Short text fragments from websites:
[Start of Attachment]

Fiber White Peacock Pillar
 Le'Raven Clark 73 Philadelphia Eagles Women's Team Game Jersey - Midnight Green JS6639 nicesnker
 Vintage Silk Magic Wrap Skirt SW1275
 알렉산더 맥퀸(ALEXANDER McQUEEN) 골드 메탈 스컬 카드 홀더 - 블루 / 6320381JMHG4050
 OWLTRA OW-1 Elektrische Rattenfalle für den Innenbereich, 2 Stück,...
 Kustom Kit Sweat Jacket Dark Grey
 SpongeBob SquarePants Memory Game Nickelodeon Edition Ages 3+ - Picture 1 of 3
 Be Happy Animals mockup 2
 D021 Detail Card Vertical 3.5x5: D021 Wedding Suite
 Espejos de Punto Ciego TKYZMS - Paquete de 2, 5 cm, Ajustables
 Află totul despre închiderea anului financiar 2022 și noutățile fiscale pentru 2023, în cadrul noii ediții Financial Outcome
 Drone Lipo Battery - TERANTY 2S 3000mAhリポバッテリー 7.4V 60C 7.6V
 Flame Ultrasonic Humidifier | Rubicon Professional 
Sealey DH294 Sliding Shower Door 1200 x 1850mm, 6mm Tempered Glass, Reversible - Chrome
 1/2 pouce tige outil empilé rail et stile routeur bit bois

[End of Attachment]

Extract every record and return it verbatim.

• **Solution below**:
Fiber White Peacock Pillar
 Le'Raven Clark 73 Philadelphia Eagles Women's Team Game Jersey - Midnight Green JS6639 nicesnker
 Vintage Silk Magic Wrap Skirt SW1275
 알렉산더 맥퀸(ALEXANDER McQUEEN) 골드 메탈 스컬 카드 홀더 - 블루 / 6320381JMHG4050
 OWLTRA OW-1 Elektrische Rattenfalle für den Innenbereich, 2 Stück,...
 Kustom Kit Sweat Jacket Dark Grey
 SpongeBob SquarePants Memory Game Nickelodeon Edition Ages 3+ - Picture 1 of 3
 Be Happy Animals mockup 2
 D021 Detail Card Vertical 3.5x5: D021 Wedding Suite
 Espejos de Punto Ciego TKYZMS - Paquete de 2, 5 cm, Ajustables
 Află totul despre închiderea anului financiar 2022 și noutățile fiscale pentru 2023, în cadrul noii ediții Financial Outcome
 Drone Lipo Battery - TERANTY 2S 3000mAhリポバッテリー 7.4V 60C 7.6V
 Flame Ultrasonic Humidifier | Rubicon Professional 
Sealey DH294 Sliding Shower Door 1200 x 1850mm, 6mm Tempered Glass, Reversible - Chrome
 1/2 pouce tige outil empilé rail et stile routeur bit bois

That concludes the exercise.